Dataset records
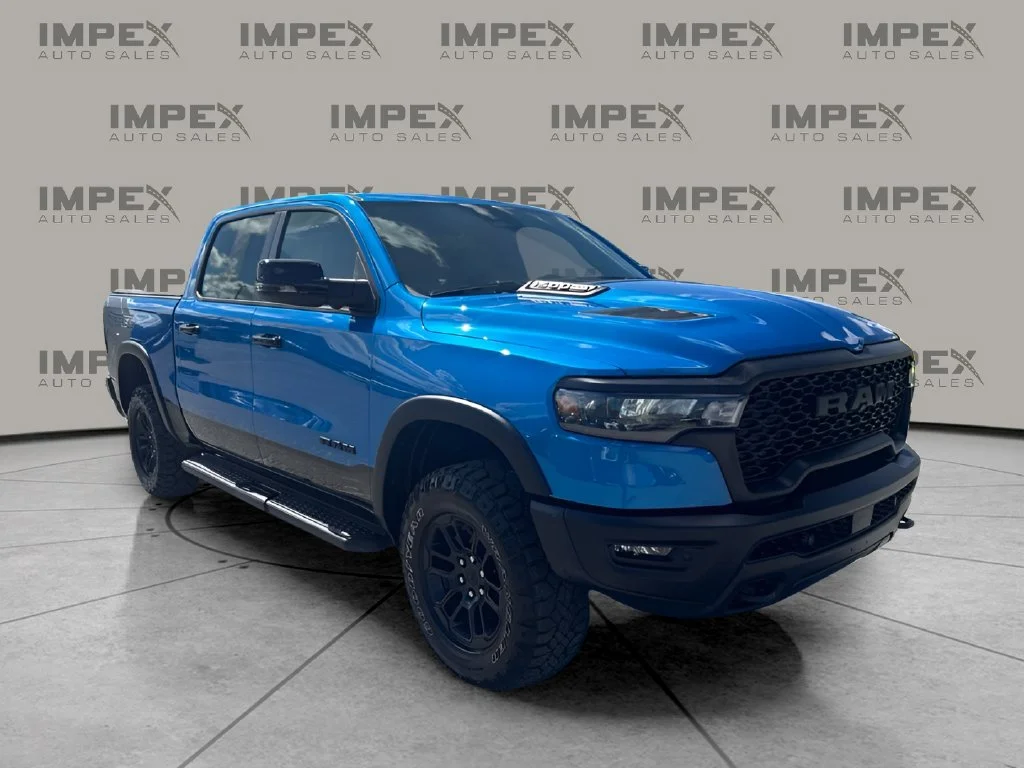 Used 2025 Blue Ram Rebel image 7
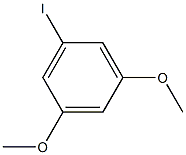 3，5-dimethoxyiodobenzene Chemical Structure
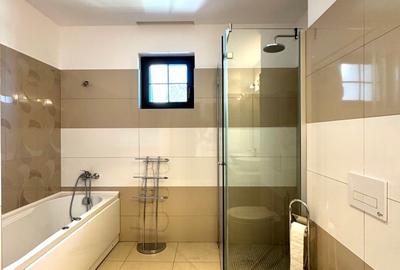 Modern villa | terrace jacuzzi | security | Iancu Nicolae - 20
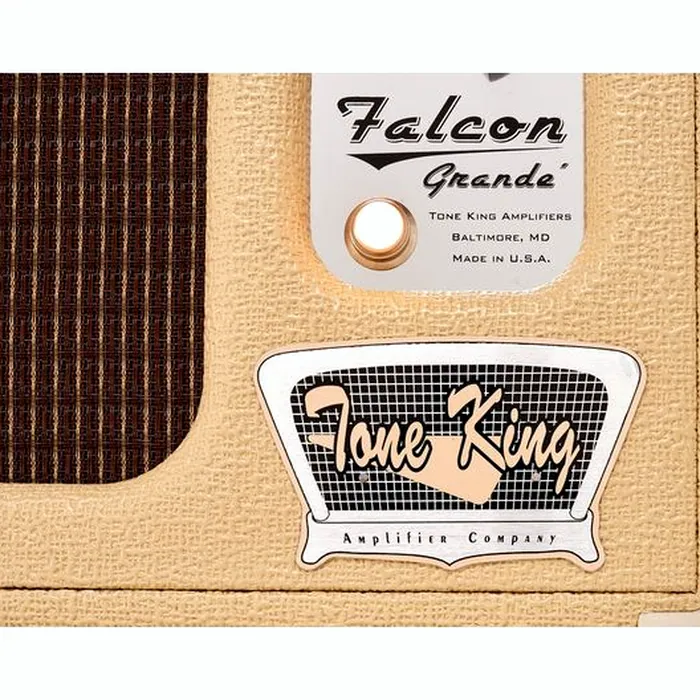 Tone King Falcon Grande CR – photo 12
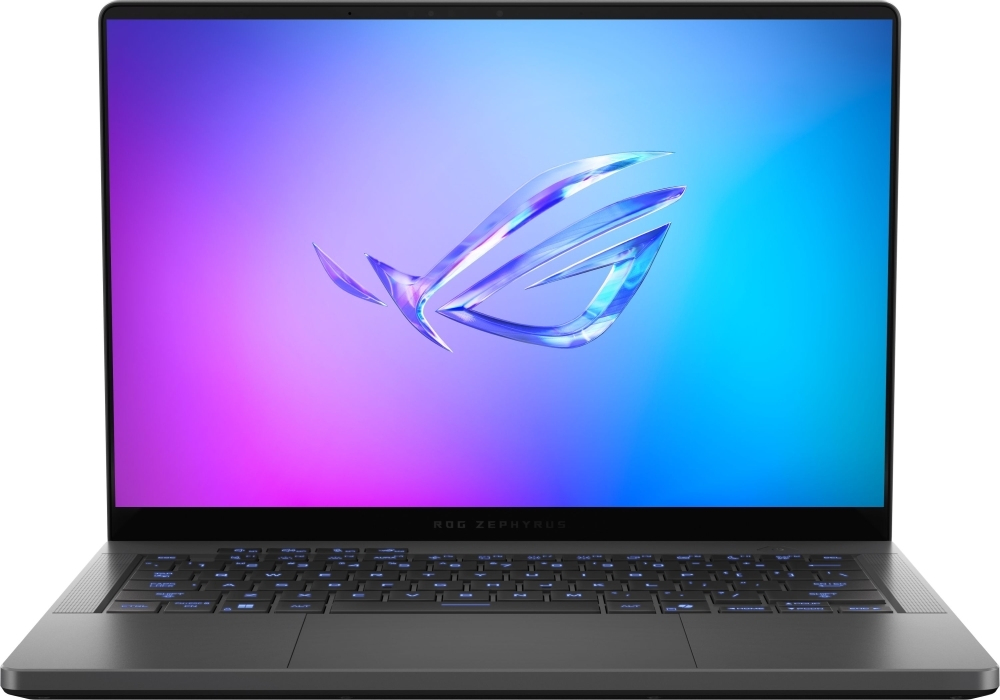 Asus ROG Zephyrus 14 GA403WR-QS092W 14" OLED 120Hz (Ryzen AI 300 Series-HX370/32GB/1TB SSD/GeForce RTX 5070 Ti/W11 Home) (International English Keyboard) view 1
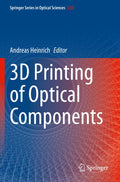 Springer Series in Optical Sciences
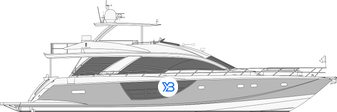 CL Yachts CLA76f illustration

**TASK TO COMPLETE**
Please write out, word for word, each line from the one with "Tone King Falcon Grande CR – photo 12" to the last line of the data, keeping both ends and omitting pictures.

**RESPONSE TO THE EXERCISE**
 Tone King Falcon Grande CR – photo 12
 Asus ROG Zephyrus 14 GA403WR-QS092W 14" OLED 120Hz (Ryzen AI 300 Series-HX370/32GB/1TB SSD/GeForce RTX 5070 Ti/W11 Home) (International English Keyboard) view 1
 Springer Series in Optical Sciences
 CL Yachts CLA76f illustration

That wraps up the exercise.